PCI 3.0 controls require point-of-sale (POS) training and education for staff who have direct involvement in the payment chain. In terms of outside parties, experts recommend practicing extra due diligence. For example, the We Care guidelines produced by Conexxus and the National Association of Convenience Stores (NACS) advise managers to train staff to ask for
vendors’ or technicians’ identification and confirm scheduled service appointments before granting access to POS terminals or dispensers.
Keeping current with ever-evolving technology can be challenging and costly when it involves replacing POS terminals or other systems. However, security specialists stress that updating hardware and software is a key defensive tool.

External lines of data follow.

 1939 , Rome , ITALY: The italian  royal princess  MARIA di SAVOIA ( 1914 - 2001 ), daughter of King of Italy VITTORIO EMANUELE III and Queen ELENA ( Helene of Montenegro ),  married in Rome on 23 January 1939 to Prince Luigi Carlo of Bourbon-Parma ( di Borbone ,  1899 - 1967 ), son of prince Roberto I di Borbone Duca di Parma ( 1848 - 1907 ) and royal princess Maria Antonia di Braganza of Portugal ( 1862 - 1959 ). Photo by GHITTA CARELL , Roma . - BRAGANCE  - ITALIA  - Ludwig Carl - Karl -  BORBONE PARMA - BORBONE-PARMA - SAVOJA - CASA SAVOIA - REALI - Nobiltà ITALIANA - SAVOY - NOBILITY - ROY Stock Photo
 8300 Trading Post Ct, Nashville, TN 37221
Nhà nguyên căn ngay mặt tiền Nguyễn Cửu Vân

One example of a hardware upgrade is the EMV (EuroPay, MasterCard and Visa) chip. Instead of one permanent card number like the current credit/debit system, it generates a new number after each purchase when used at a POS terminal specifically programmed to read it.

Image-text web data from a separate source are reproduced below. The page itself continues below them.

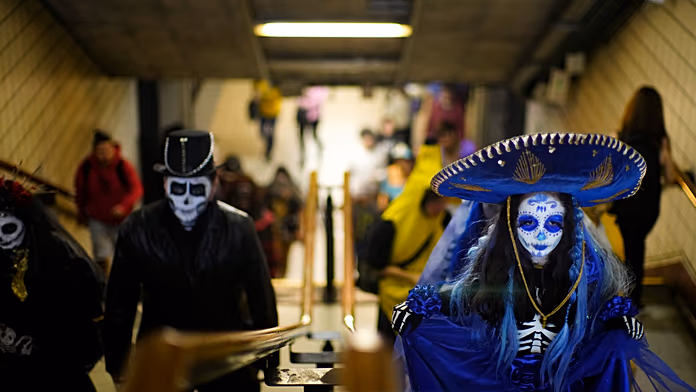 Thousands join Santiago’s annual Zombiewalk in a celebration of horror and art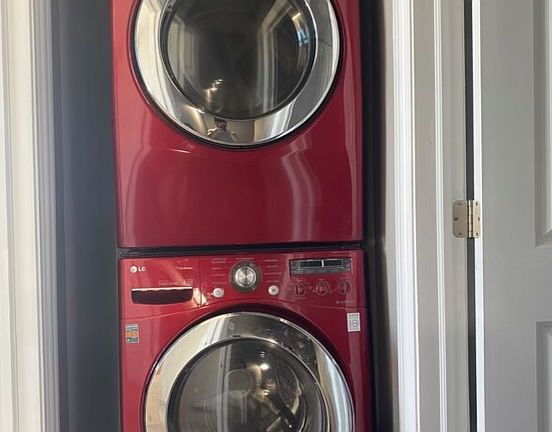 5th image of 1215 W Gunnison St APT 314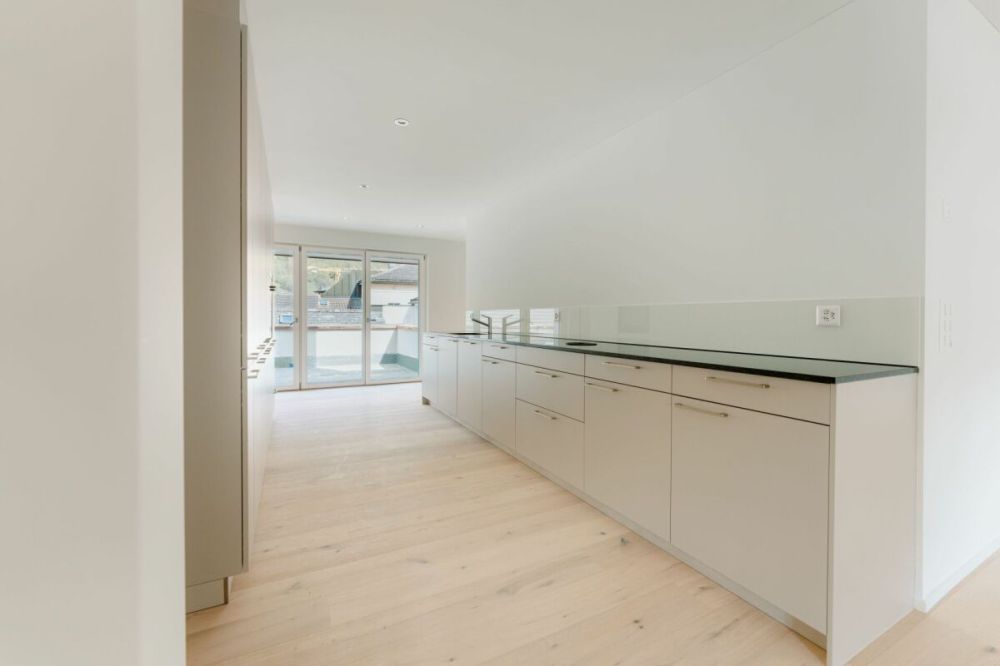 Erstvermietung "Haus Fridolin": Moderne Dach-Maisonettewohnung mit Balkon im Herzen von Glarus - Bild 4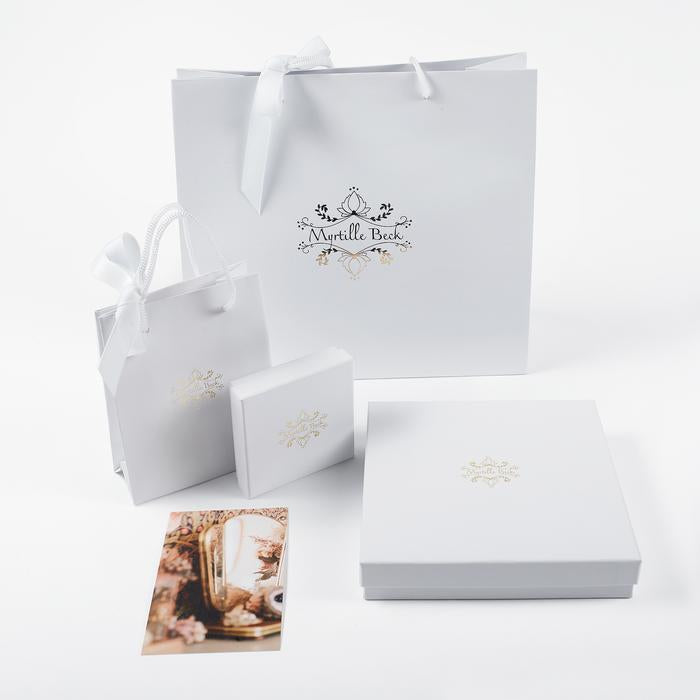Packaging Myrtille Beck Paris - Chaînes et colliers, petit ou grand format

“The end game, if you will, is to devalue the data so that it is useless in the hands of organized crime, criminals and state-funded actors. [EMV] will defeat fraud at the point of sale,” Orfei said. “We know that it will deliver on its promise [because of its] experience in both the Asian/Pacific and European theaters. Their POS, unlike here in the U.S., is not under attack.”
That said, the c-store industry remains mixed on its value. Merchants must convert to EMV terminals by October 2015, when liability will shift to acquirers for domestic and cross-border counterfeit fraud card-present POS transactions if the merchant does not have an EMV-enabled POS device. However, EMV cards continue to be accepted at current POS terminals as traditional credit/debit cards without creating a new number.
“Our industry will need to invest $3.5 billion to upgrade our stores to EMV, and we don’t even have a final specification yet,” Taylor said. “I am not sure the financial risk associated with not being EMV-compliant is all that great either.”
Regularly updating software, though, does not require large investments. “I would urge merchants to pay particular attention to the fundamentals, [such as] using the latest antivirus and keeping patches up to date,” Orfei said.
“Software and malware updates are important and implemented on a weekly basis across the company,” echoed Withem. E-Z Mart operates 289 company-owned stores. “It would be reckless to not at least do that.”
Also, as more and more consumers embrace mobile pay methods, the demand for more comprehensive security practices will continue to grow.
“Data security is about constant vigilance,” concluded Taylor.